Belajarlah untuk mencintai takdirmu karena hanya dengan cara ini hidup kita akan lebih tenang. Dan memang tidak ada pilihan selain kita harus menerima dan mencintai takdir.
Kita tidak bisa merubah dunia karena itu di luar kendali kita, tapi kita bisa memilih bagaimana kita merespon dunia. Dunia memiliki karakteristik sendiri, dunia tidak selalu menyetujui apa yang kita inginkan.
Jangan heran kalau dalam hidup kita akan sering bertolak belakang dengan apa yang kita inginkan. Ketika situasi ini terjadi sebagian besar memberontak karena tidak terima dan berujung frustasi, stres dan depresi.
Ketika situasi seperti itu terjadi pada kita maka percayalah persoalan akan semakin rumit seperti benang kusut yang kita tidak tahu mana ujungnya.
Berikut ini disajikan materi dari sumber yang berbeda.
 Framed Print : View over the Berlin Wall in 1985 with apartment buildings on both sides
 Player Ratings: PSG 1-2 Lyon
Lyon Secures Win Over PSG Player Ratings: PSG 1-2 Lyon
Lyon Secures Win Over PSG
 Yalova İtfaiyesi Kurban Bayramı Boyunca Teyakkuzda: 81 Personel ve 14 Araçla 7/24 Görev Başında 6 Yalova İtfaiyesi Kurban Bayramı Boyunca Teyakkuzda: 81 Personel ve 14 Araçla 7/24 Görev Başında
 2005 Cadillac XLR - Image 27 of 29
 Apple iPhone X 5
Kalau tidak segera melakukan refleksi dan memutar arah respon kita maka terhadap realitas dunia maka Anda tidak akan pernah menemukan kedamaian apalagi kebahagiaan.
Islam sendiri telah memberikan petunjuk teknis bagaimana kita merespon keadaan. Juknis ini telah teruji valid dan mampu menyelamatkan manusia dari keterpurukan, pesimisme dan kehancuran.
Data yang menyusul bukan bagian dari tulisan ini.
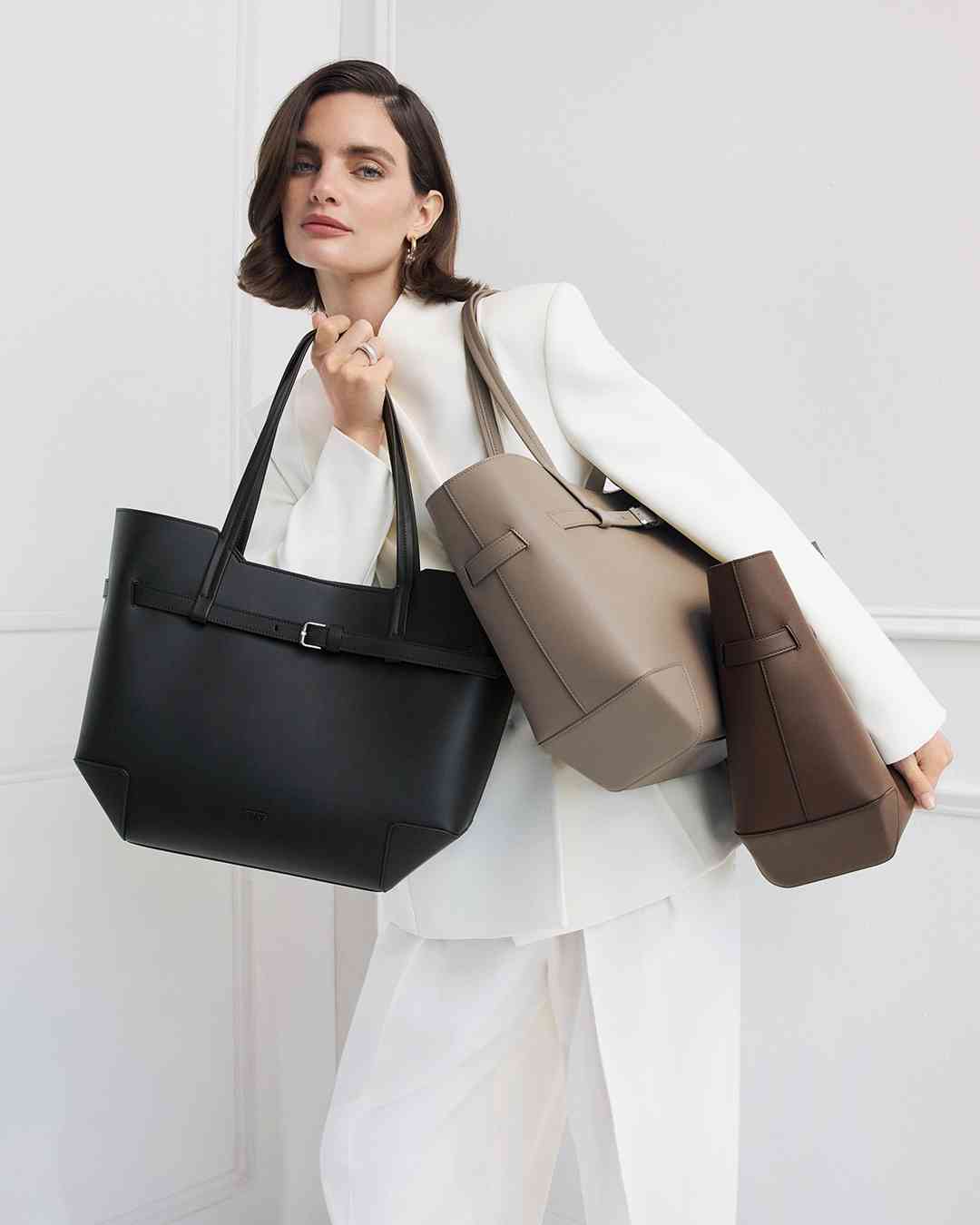 時髦職場女力必備!TUMI FW26 女士手提袋系列:極簡工藝的完美交融 時髦職場女力必備!TUMI FW26 女士手提袋系列:極簡工藝的完美交融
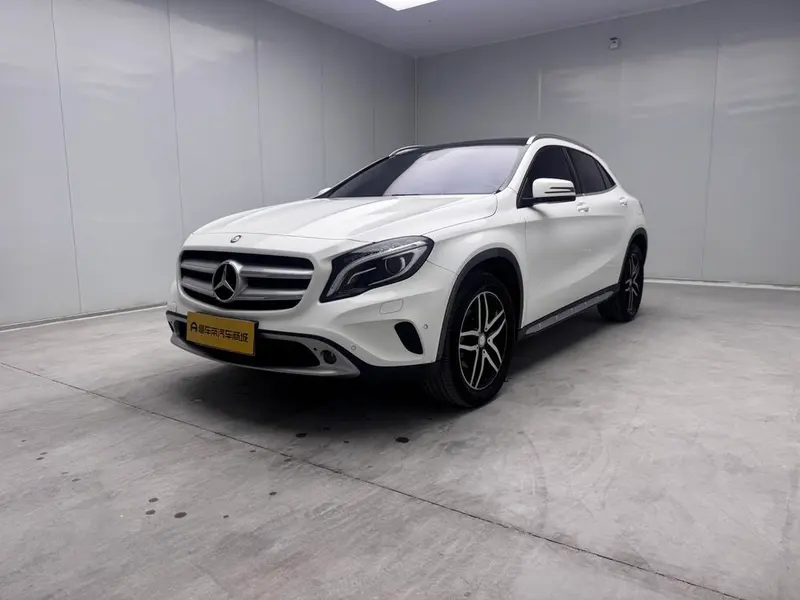 Mercedes-Benz GLA, 2016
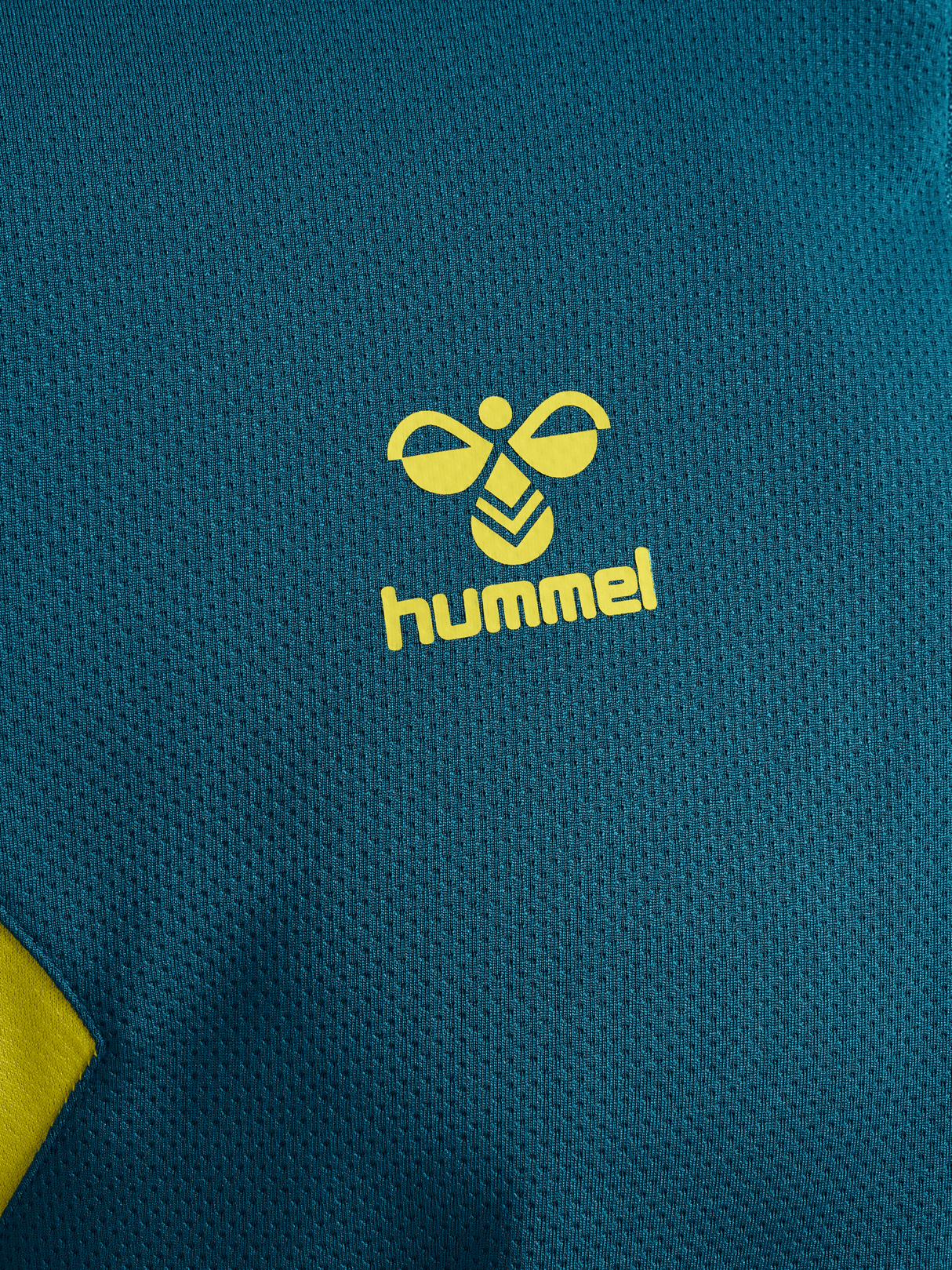 hummel Men's Authentic Half Zip Sweatshirt-3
Tidak sekedar konsep teoritis tetapi sudah teruji sebagaiman pernah dilakukan para nabi dan sahabat. Dalam sejarahnya, manusia selevel nabi pun tidak punya kemampuan merubah keinginan dunia sepenuhnya.
Bagaimana ketidakmampuan Nabi Muhammad yang menginginkan pamannya yaitu Abu Thalib bersyahadat agar masuk Surga, tapi realitasnya tidak seperti yang diinginkan Rasulullah karena Abu Thalib tidak bersyahadat hingga meninggal dunia.
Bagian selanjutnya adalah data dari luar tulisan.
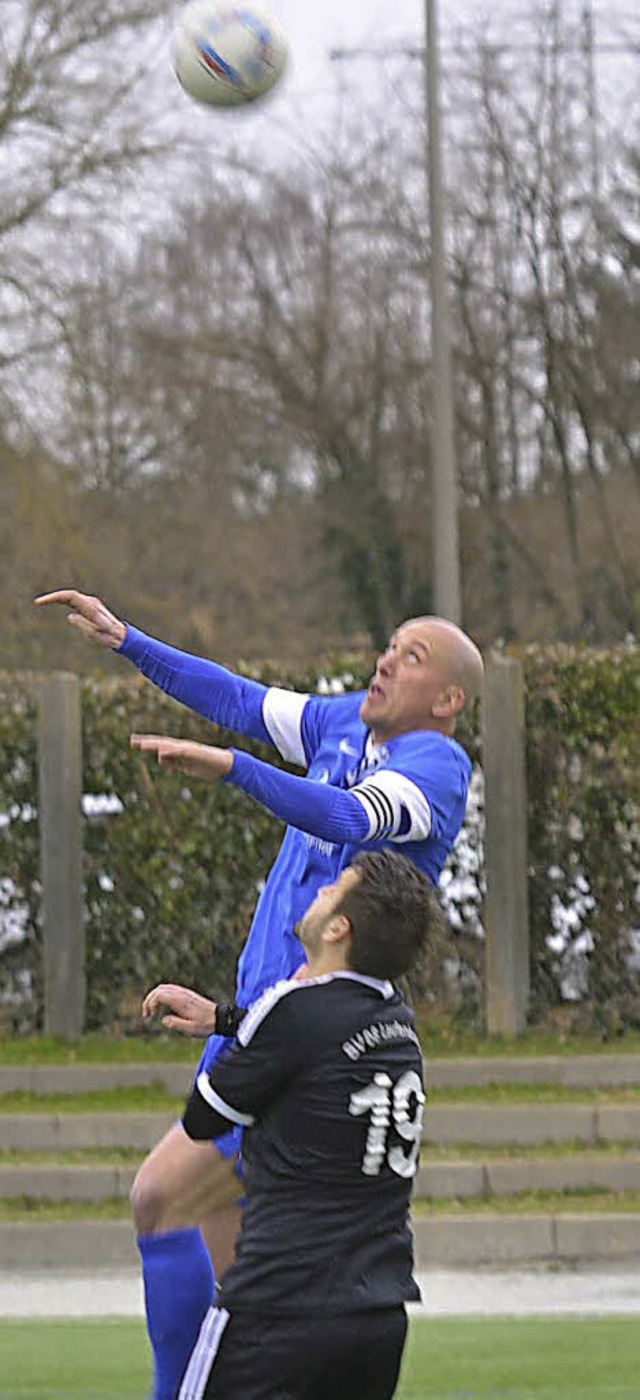 Fabian Kluge (blau) kickte mit dem SV ...V 08 Laufenburg und Bujar Halili 1:1.   | Foto: Rogowski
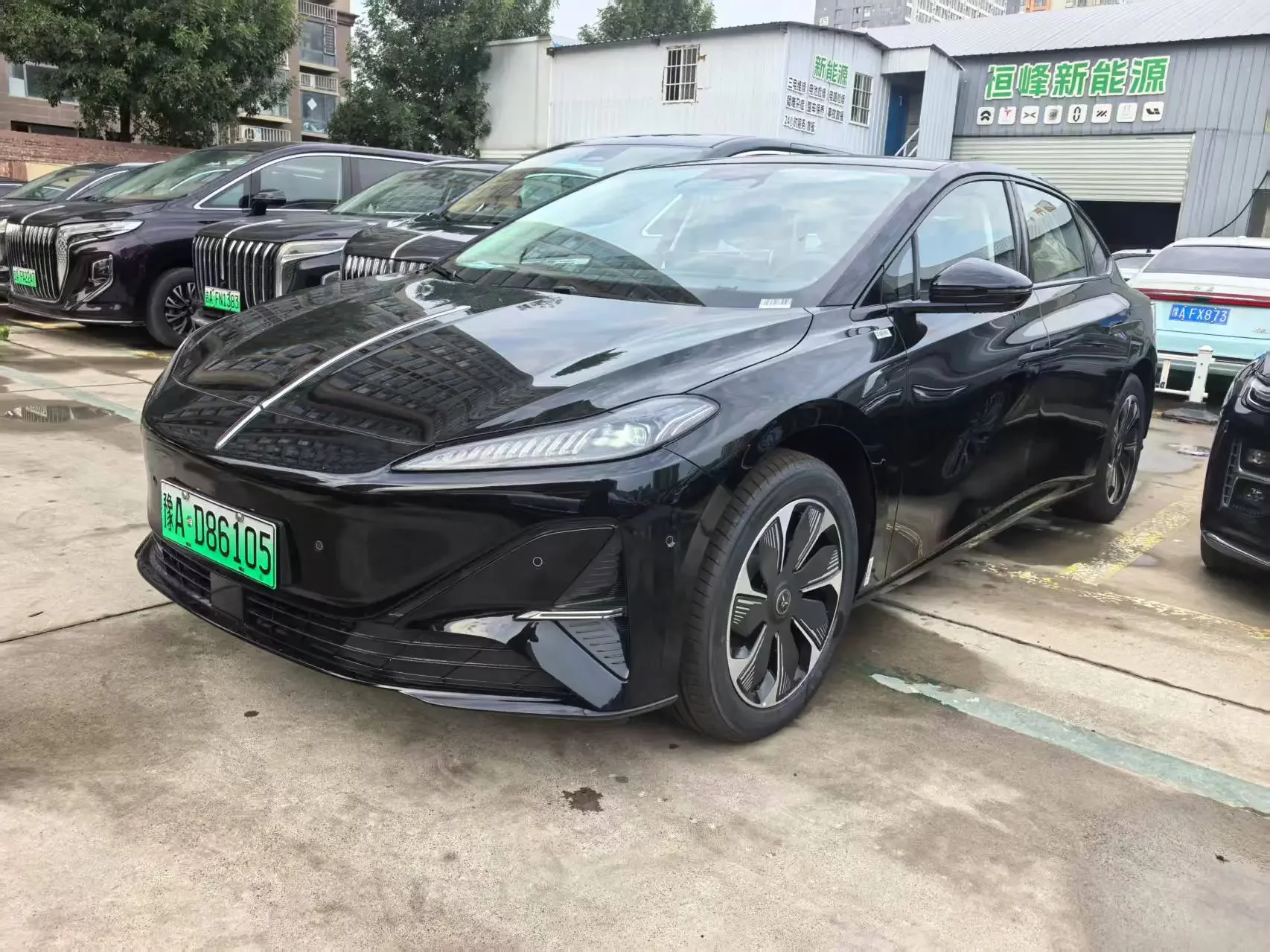 Hongqi Red Flag Tiangong 05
Padahal dialah yang menjadi perisai selama Rasulullah mendapat persekusi, perlawanan dan tekanan dari orang kafir saat itu. Situasi ini sempat membuat Rasul sedih sehingga Allah memberikan peringatan tegas melalui surat At-Taubah ayat 113 yang melarang nabi untuk memohonkan ampunan bagi orang musyrik sekalipun orang-orang yang terdekat.
Dalam surat itu tersirat bahwa Allah ingin memberikan pesan bahwa meski Muhammad nabi tapi dia tetap manusia sehingga tidak bisa semua keinginannya dipenuhi. Allah ingin tunjukan bahwa Dialah yang berkuasa atas dunia.
Nabi yang lain pun mengalami hal serupa, ketidakberdayaan melawan takdir. Bagaimana Nabi Nuh tidak mampu membawa puteranya Kanan untuk bisa selamat. Bagaimana Aisyah, istri Rasul yang meninggal dalam kesunyian dan dimakamkan pada malam hari tanpa keramaian.
Bagaimana Nabi Yusuf harus dicemplungin ke dalam sumur, di penjara dan difitnah dan bagaimana Adam dan Hawa terpaksa terpisah selama 100 tahun setelah diturunkan ke bumi karena kena kartu merah akibat makan buah khuldi.
Para sahabat dan orang - orang soleh dan solehah pun tidak punya kemampuan mengendalikan dunia sampai kepada kita, manusia yang diklaim modern dengan segala kerumitannya.
Kalau level Rasul mungkin urusannya Surga dan Neraka, sekarang kita manusia biasa yang levelnya hanya urusan dunia, mulai dari belum dapat pekerjaan, belum menikah, patah hati, ditinggal orang yang kita cintai, kehilangan uang, pekerjaan dan segala urusan dunia.
Satu-satunya cara adalah menerima setiap takdir yang didatangkan untuk kita baru kita akan tenang. Dan dari ketenangan ini kita akan tetap bisa berdiri, berlari walaupun menahan luka, kecewa dan penyesalan mengapa yang kita inginkan tidak terjadi.
Belajarlah untuk mencintai takdirmu karena hanya dengan cara ini hidup kita akan lebih tenang. Dan memang tidak ada pilihan selain kita harus menerima dan mencintai takdir.
Itulah mengapa Allah tidak menugaskan kita soal hasil dalam setiap rencana kita. Yang Allah tugaskan ke kita adalah berusaha semaksimal mungkin dan berdoa, sementara urusan hasil itu menjadi tanggungjawab Allah karena itu di luar kendali manusia.
Dan Anda mesti sadar bahwa yang tidak bisa mengendalikan dunia bukan hanya kita melainkan seluruh manusia karena itu menjadi ruang eksklusif Tuhan bukan yang lain.